§ Problem to solve
Everything from the line with "q. Cacique Vibrant" through the final line of the listing below must be retyped exactly, apart from the pictures.

§ Dataset excerpt
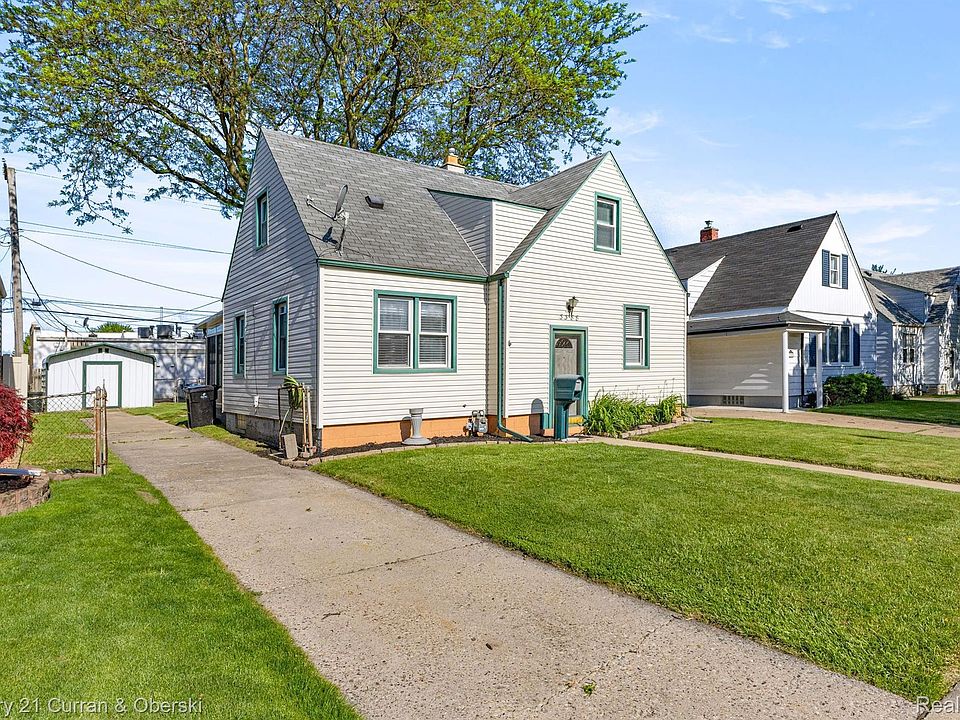 1st image of 3388 23rd St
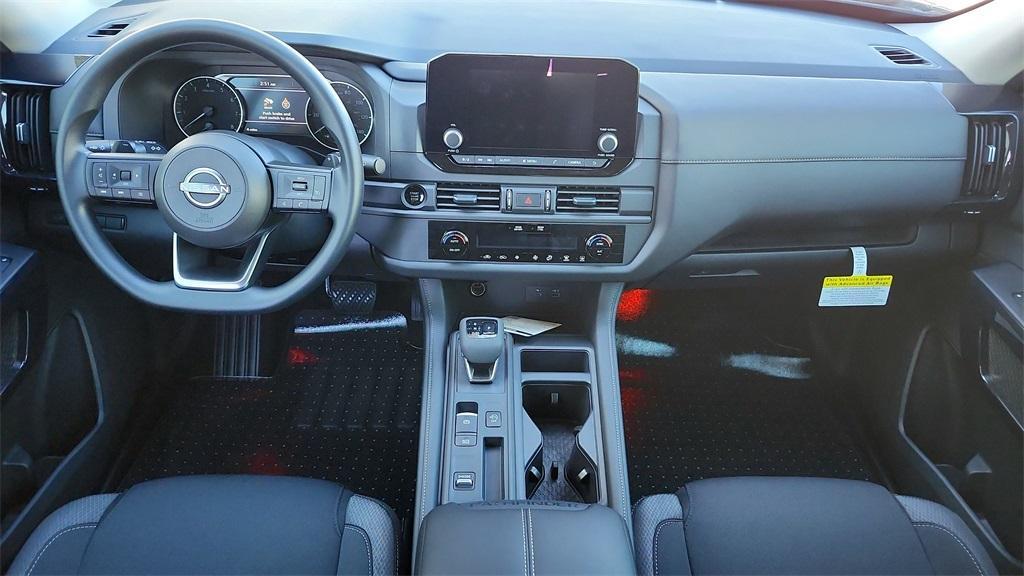 new 2025 Nissan Pathfinder car, priced at $32,650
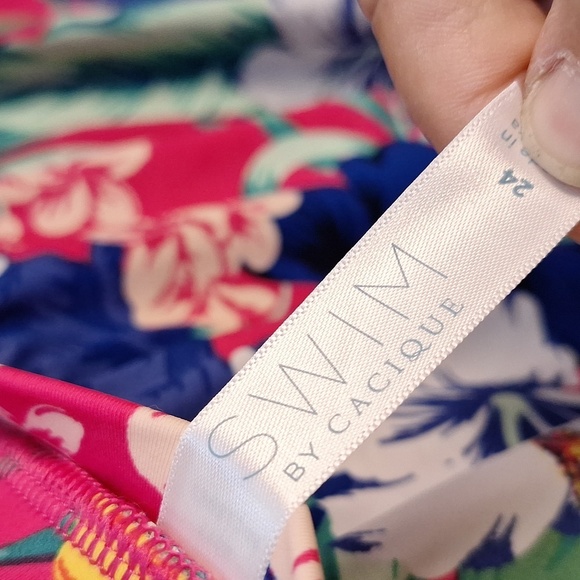 q. Cacique Vibrant Floral Swimwear Size 24 - Picture 2 of 4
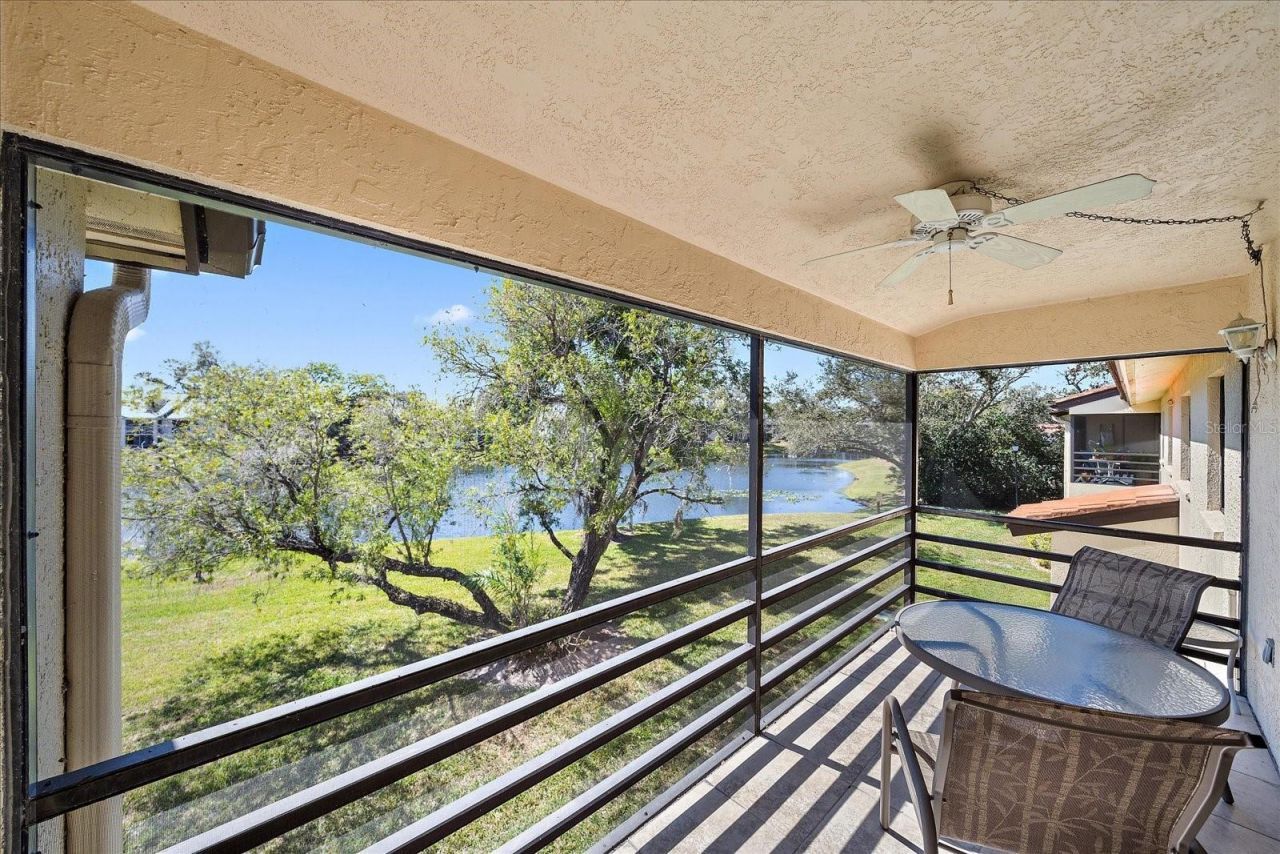 5654 Gardens Drive, Sarasota, FL 34243 Photo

§ Worked solution
 q. Cacique Vibrant Floral Swimwear Size 24 - Picture 2 of 4
 5654 Gardens Drive, Sarasota, FL 34243 Photo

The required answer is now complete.